In [None]:
import pandas as pd
import seaborn as sns
import numpy as np
import matplotlib.pyplot as plt
from sklearn.feature_selection import mutual_info_classif
from sklearn.metrics import accuracy_score
from xgboost import XGBClassifier
from lightgbm import LGBMClassifier
from sklearn.svm import SVC
from imblearn.combine import SMOTETomek
from sklearn.metrics import accuracy_score
from sklearn.model_selection import GridSearchCV
from sklearn.model_selection import RepeatedStratifiedKFold
from sklearn.ensemble import RandomForestClassifier
from sklearn.linear_model import RidgeClassifier
from sklearn.preprocessing import StandardScaler
from sklearn.model_selection import train_test_split
from sklearn.linear_model import LogisticRegression
from sklearn.tree import DecisionTreeClassifier
from sklearn.neighbors import KNeighborsClassifier
from scipy.stats import probplot

In [None]:
# download link:   https://www.kaggle.com/andrewmvd/heart-failure-clinical-data/download
# api command to download data:   kaggle datasets download -d andrewmvd/heart-failure-clinical-data

df = pd.read_csv("../input/heart-failure-clinical-data/heart_failure_clinical_records_dataset.csv")
df.head()

In [None]:
df.info()
# all are numeric features
# no null values...

In [None]:
# lets check for suspicious values that can be null
df.describe()

In [None]:
# sns.pairplot(df)

In [None]:
for i in df.columns:
    cat_num = df[i].value_counts()
    print("graph for %s: total = %d" % (i, len(cat_num)))
    chart = sns.barplot(x=cat_num.index, y=cat_num)
    chart.set_xticklabels(chart.get_xticklabels(), rotation=90)
    plt.show()

In [None]:
plt.figure(figsize=(15,15))
sns.heatmap(df.corr(), annot=True);

In [None]:
df.boxplot(['age']);

In [None]:
df.boxplot(['creatinine_phosphokinase']); # outliers... log transform

In [None]:
df.boxplot(['ejection_fraction'])

In [None]:
df.boxplot(['platelets'])   # outliers

In [None]:
df.boxplot(['serum_creatinine'])   # outliers

In [None]:
df.boxplot(['serum_sodium'])

In [None]:
df.boxplot(['time'])

In [None]:
df.describe()

In [None]:
probplot(df['age'],plot=plt);

In [None]:
probplot(df['platelets'],plot=plt);

In [None]:
probplot(df['creatinine_phosphokinase'],plot=plt);

In [None]:
sns.distplot(df['creatinine_phosphokinase'])

In [None]:
probplot(np.log(df['creatinine_phosphokinase']),plot=plt);

In [None]:
sns.distplot(np.log(df['creatinine_phosphokinase']));

In [None]:
df['creatinine_phosphokinase'] = np.log(df['creatinine_phosphokinase'])

In [None]:
probplot(df['ejection_fraction'],plot=plt);

In [None]:
probplot(df['serum_creatinine'],plot=plt);

In [None]:
sns.distplot(df['serum_creatinine'])

In [None]:
probplot(np.log(df['serum_creatinine']),plot=plt);

In [None]:
sns.distplot(np.log(df['serum_creatinine']));

### creatinine_phosphokinase: In summary, renal injury with high serum CPK values becomes a true concern when levels of CPK reach 5,000 IU/L and the patient has serious co-morbid disease such as volume depletion, sepsis or acidosis.

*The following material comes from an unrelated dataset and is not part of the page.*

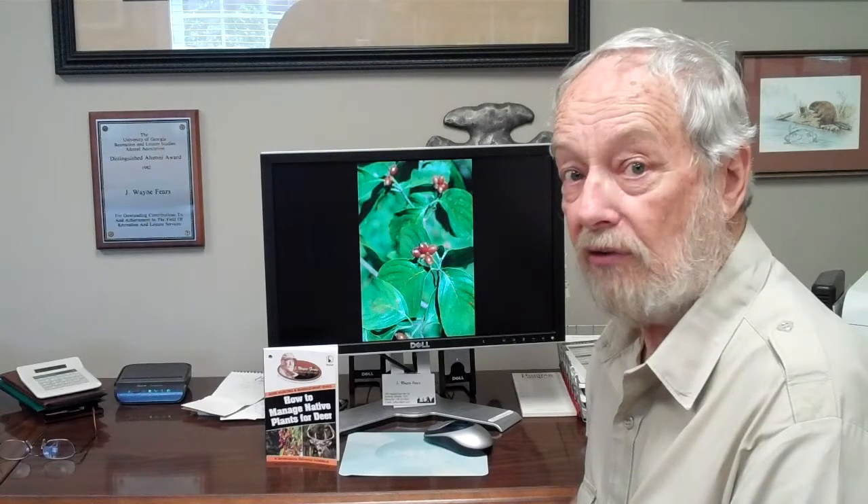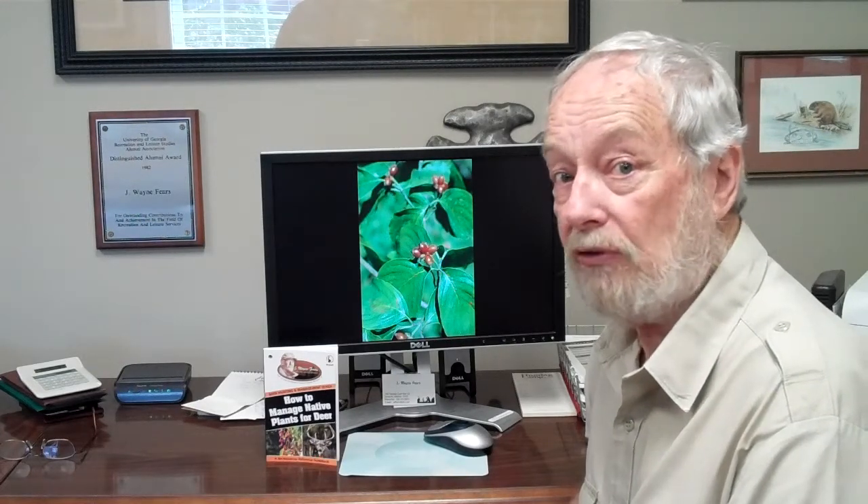Mark them, come back and fertilize them in the spring. You'll be glad you did. It's a great place to hunt.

Otherwise, values of up to 20,000 IU/L may be tolerated without untoward event.



In [None]:
df[df['creatinine_phosphokinase'] == 7861.000000]

In [None]:
df[df['platelets'] == 850000.000000]

### i want to try logistic regression so i wanted to drop these values... but we already have less values so we'll just scale these and create a model

In [None]:
df.drop([1,109], inplace=True)

In [None]:
X = df.iloc[:,:-1]
y = df.iloc[:,-1]

scaler = StandardScaler()
X_scaled = scaler.fit_transform(X)

X_scaled = pd.DataFrame(X_scaled,columns=df.columns[:-1])


In [None]:
probplot(X_scaled['serum_creatinine'],plot=plt);

In [None]:
# from sklearn.preprocessing import MinMaxScaler

# min_max = MinMaxScaler()
# s_c_scaled = min_max.fit_transform(X_scaled[['serum_creatinine']])
# s_c , _ = boxcox(s_c_scaled.T[0])
# probplot(s_c,plot=plt);

In [None]:
X_train,X_test,y_train,y_test = train_test_split(X_scaled,y,test_size=0.3,random_state=3)

In [None]:
log_clf = LogisticRegression()
log_clf.fit(X_train,y_train)
log_pred = log_clf.predict(X_test)
log_clf.score(X_test,y_test)

In [None]:
dt_clf = DecisionTreeClassifier()
dt_clf.fit(X_train,y_train)
dt_clf.score(X_test,y_test)

In [None]:
kn_clf = KNeighborsClassifier()
kn_clf.fit(X_train,y_train)
kn_clf.score(X_test,y_test)

In [None]:
from sklearn.metrics import confusion_matrix

confusion_matrix(log_pred,y_test)

### lets work on hyper parameter tuning of Logistic regression

In [None]:
log_clf = RidgeClassifier()
log_clf.fit(X_train,y_train)
log_pred = log_clf.predict(X_test)
log_clf.score(X_test,y_test)

In [None]:

rf_clf = RandomForestClassifier()
rf_clf.fit(X_train,y_train)
rf_clf.score(X_test,y_test)

### random forest grid search

In [None]:
# n_estimators = [10, 100, 1000]
# max_features = ['sqrt', 'log2']
# # define grid search
# grid = dict(n_estimators=n_estimators,max_features=max_features)
# cv = RepeatedStratifiedKFold(n_splits=10, n_repeats=3, random_state=1)
# grid_search = GridSearchCV(estimator=rf_clf, param_grid=grid, n_jobs=-1, cv=cv, scoring='accuracy',error_score=0)
# grid_result = grid_search.fit(X, y)

In [None]:
# grid_result.best_estimator_

In [None]:
rf_clf = RandomForestClassifier(max_features='log2', n_estimators=1000)
rf_clf.fit(X_train,y_train)
rf_clf.score(X_test,y_test)

### Using knn for clustering approach

In [None]:
kn_clf = KNeighborsClassifier()
kn_clf.fit(X_scaled,y)

In [None]:
kn_clf.predict(X_scaled)

In [None]:
len(kn_clf.classes_)

In [None]:
df['knn_clf'] = kn_clf.predict(X_scaled)

In [None]:
df1 = df[df['knn_clf'] == 1].iloc[:,:-1]
df2 = df[df['knn_clf'] == 0].iloc[:,:-1]

In [None]:
X1 = df.iloc[:,:-1]
y1 = df.iloc[:,-1]

scaler = StandardScaler()
X_scaled1 = scaler.fit_transform(X1)

X_scaled1 = pd.DataFrame(X_scaled1,columns=df.columns[:-1])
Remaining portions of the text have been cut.